- Opening Delimiter -

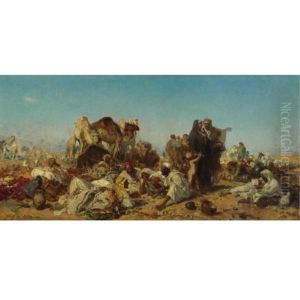 The Bedouin Encampment by Carl Leopold Mueller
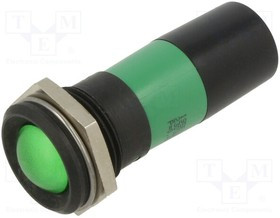 195E1231M, Индикат.лампа: LED; зеленый; 230ВAC; O22мм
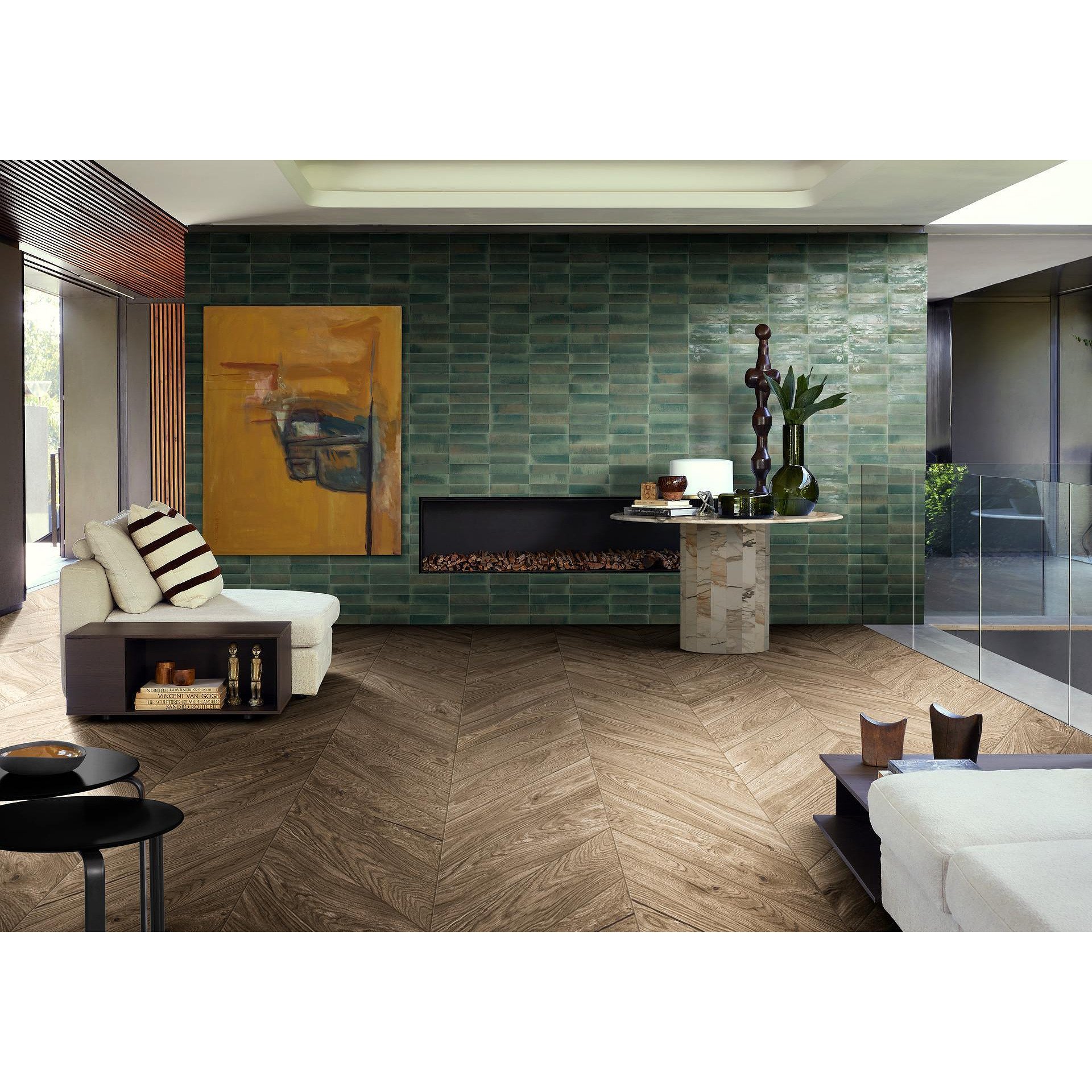 Плочки имитиращи паркет | MARAZZI Vero Rovere Chevron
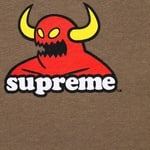 Supreme Supreme Toy Machine Hooded Sweatshirt (SS24) - Dusty Brown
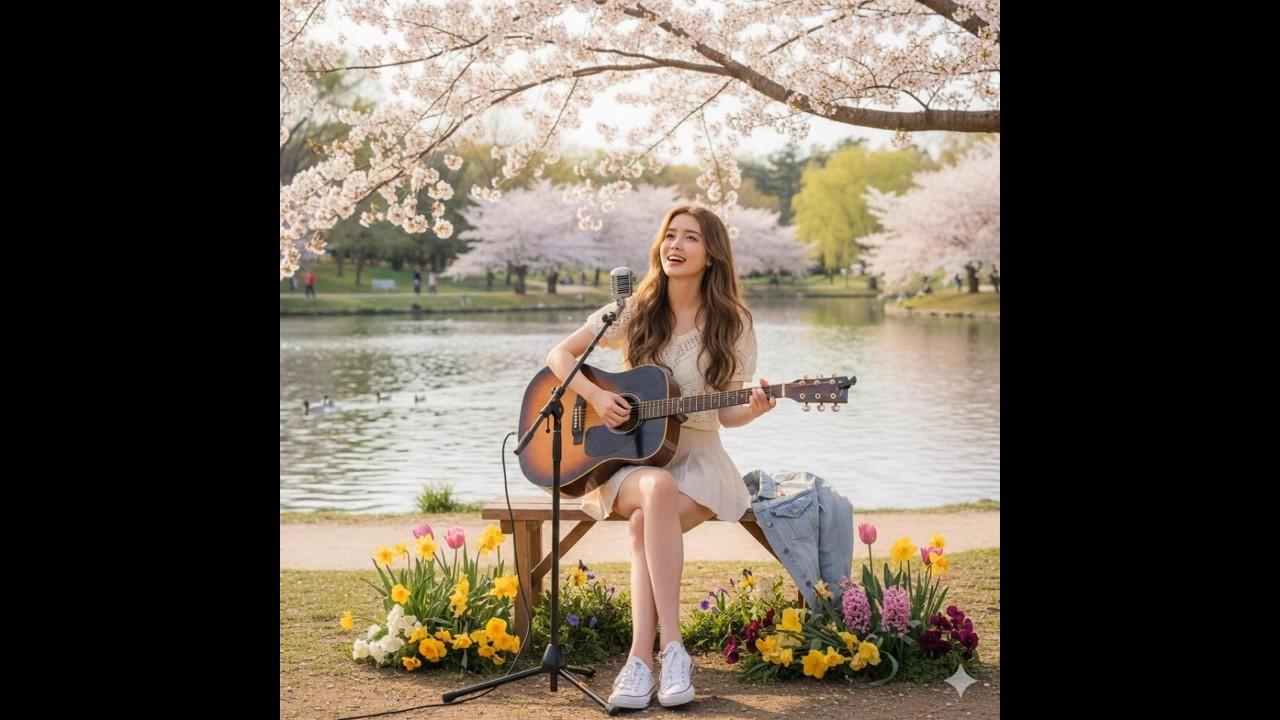 설레는 봄, 설레는 너와나   #ai음악 #aimusic #음악 #감성 #봄 #사랑 #연인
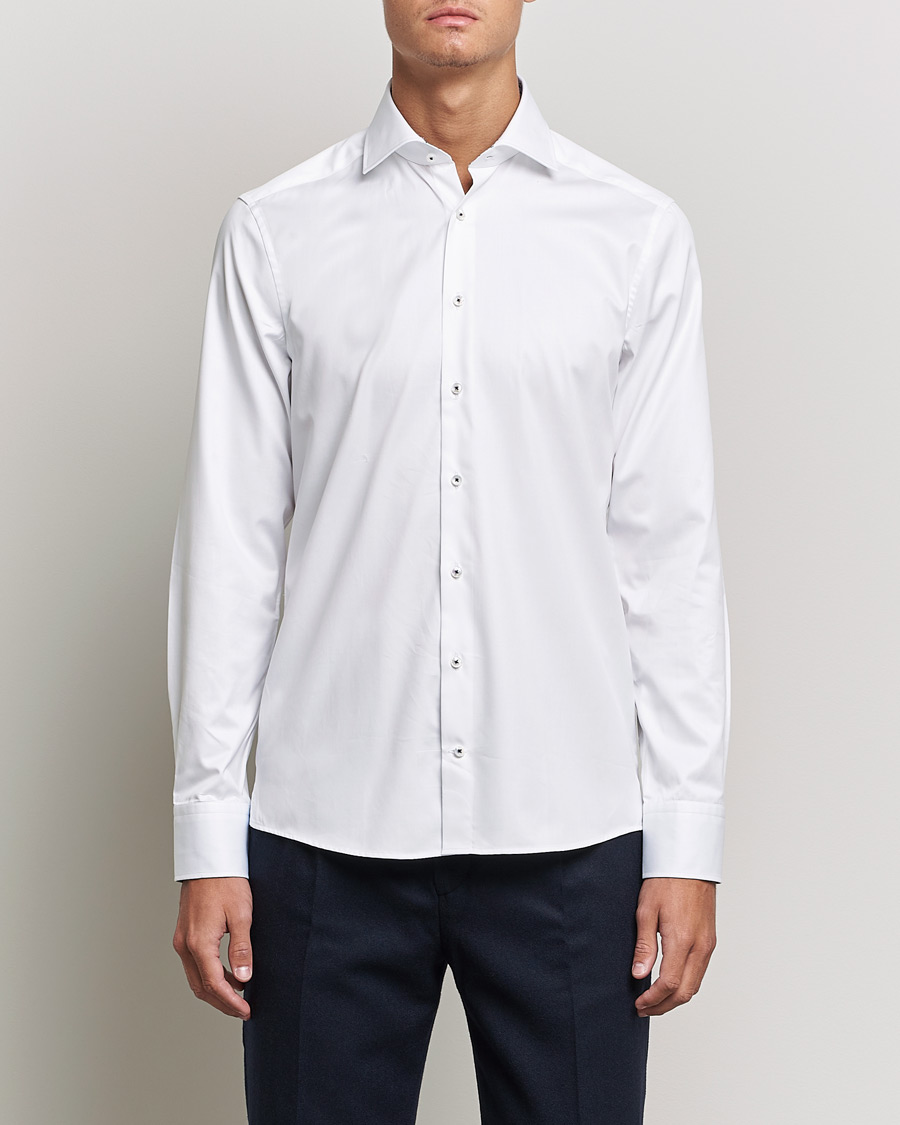 Mies | Kauluspaidat | Stenströms | Slimline Cut Away Contrast Shirt White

- Closing Delimiter -

_What is required_
Word for word, copy the lines from the one with "Плочки имитиращи паркет" through the end of the entries above, and do not include any picture.

_Task result_
 Плочки имитиращи паркет | MARAZZI Vero Rovere Chevron
 Supreme Supreme Toy Machine Hooded Sweatshirt (SS24) - Dusty Brown
 설레는 봄, 설레는 너와나   #ai음악 #aimusic #음악 #감성 #봄 #사랑 #연인
 Mies | Kauluspaidat | Stenströms | Slimline Cut Away Contrast Shirt White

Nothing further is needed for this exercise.